Now that it’s actually 2016, the presidential race just got a whole bunch scarier.

It was easy not to worry much about the race all the way back in 2015, when 2016 was nothing but a whimsical imaginary number far away in the distance. Today, it’s objectively terrifying. Seven years into an Obama presidency is a relatively comfortable place to be, as long as you don’t consider it might all go to shit come November. The next president could very well be a Republican, a proto-fascist demagogue, a crotchety old socialist or a genuinely sociopathic caricature of that guy from American Dad.

Unpredictability has defined this campaign. As a matter of fact, it’s been the one thing we can count on. Hopefully, it won’t be Trump. Lately I’ve been soothing myself with the hope that his biggest impact — apart from inspiring the Freikorps wannabes who currently occupy federal land in Oregon — will be that his campaign will Perot the GOP. He might possibly even split the party in two and create a faction that’s openly racist and one that’s only implicitly so.

The surest bet is that Hillary Clinton will be the Democratic nominee.
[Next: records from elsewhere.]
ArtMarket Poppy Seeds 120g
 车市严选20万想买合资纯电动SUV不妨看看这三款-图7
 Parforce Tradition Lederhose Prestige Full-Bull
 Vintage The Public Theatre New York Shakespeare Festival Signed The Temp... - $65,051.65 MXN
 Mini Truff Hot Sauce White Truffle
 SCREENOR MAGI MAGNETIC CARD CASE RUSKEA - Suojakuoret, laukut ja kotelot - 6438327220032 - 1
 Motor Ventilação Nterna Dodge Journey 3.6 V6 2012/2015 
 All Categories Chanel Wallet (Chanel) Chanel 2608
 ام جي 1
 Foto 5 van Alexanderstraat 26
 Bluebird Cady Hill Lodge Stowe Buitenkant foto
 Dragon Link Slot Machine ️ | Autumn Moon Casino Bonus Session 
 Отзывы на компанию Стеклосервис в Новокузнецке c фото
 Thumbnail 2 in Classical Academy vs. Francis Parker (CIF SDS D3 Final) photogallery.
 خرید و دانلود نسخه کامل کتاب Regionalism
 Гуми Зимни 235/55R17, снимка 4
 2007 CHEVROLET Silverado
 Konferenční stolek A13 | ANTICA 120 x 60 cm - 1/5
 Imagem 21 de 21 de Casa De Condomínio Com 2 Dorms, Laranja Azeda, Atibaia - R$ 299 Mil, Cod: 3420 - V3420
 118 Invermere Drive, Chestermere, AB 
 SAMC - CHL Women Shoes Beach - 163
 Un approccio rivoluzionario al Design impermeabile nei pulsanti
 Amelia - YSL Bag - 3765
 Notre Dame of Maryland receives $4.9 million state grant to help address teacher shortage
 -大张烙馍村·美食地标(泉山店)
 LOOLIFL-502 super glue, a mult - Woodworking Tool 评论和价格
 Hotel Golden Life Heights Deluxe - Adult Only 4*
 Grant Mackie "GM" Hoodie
As much as I adore Sanders, the reality of the situation is, if elected, he’d be the first president to be literally crucified immediately upon taking office, if not publicly executed in a Pentagon coup. I’m voting for him in the primaries anyway because I have a conscience, but I don’t think the Democratic National Committee will ever allow a Sanders nomination to happen.

That leaves us with a Clinton nomination and more-than-likely presidency. If you’re into a mix of Republican economic policies and vogue tastes on current social issues, that’s an acceptable offer. Personally, I have a few concerns about the proposition, but my largest is this: Are we totally sure Hillary Clinton isn’t actually a lizard person?

I’m not saying Clinton is literally a 13-foot-tall lizard from another planet posing as a human woman in order to accrue maximum political power. I’ve just noticed a conspicuous lack of evidence to the contrary of that proposition. On the other hand, if Clinton really were an unearthly reptilian sent here to manipulate us into handing over America’s nuclear launch codes, she’s doing a fine job. Clinton has successfully cultivated a public image as an unapologetically liberal yet sensible and pragmatic candidate. When this image is compared to her actual record, however, it quite clearly exposes itself for the ruse it is. Whether this charade was constructed to cover for the unbridled narcissism of a mere human or to disguise a possible, true form as a scaly entity from the farthest depths of space is a matter of speculation.

Clinton’s stance on the matter of war may as well be, “I f---ing love it.” Whether it’s voting to invade Iraq or admitting to having engineered a 2009 coup against Honduras’ democratically elected government — plunging the country into chaos and murder, particularly femicide — Clinton’s record is clearly that of a war hawk.

Speaking of war, Clinton’s been a champion of the war on the poor. Back when Bill was president, she encouraged him to enact the Personal Responsibility and Work Opportunity Reconciliation Act, which effectively served to cripple welfare in this country. This was fresh off her tenure as a director of Wal-Mart Stores, Inc. Since then, Clinton’s made many derogatory remarks against poor people and defined households with income up to $250,000 as middle class, all while raking in cash from the same banks who ruined our economy back in 2008.

All of these facts become even more infuriating when one considers Clinton’s shameless appropriation of feminism, as the reality of her policies should horrify anyone whose feminist icons aren’t also apolitical Top 40 artists. Yes, Clinton is a woman. So is Michelle Bachmann. As a feminist, I hold exactly zero qualms about criticizing a female candidate whose past, present and future policies harm women outside her immediate social stratum. That’s why I dread inevitably voting for her this November, lizard or not.

Alec Carver is a UF history junior. His column appears on Fridays.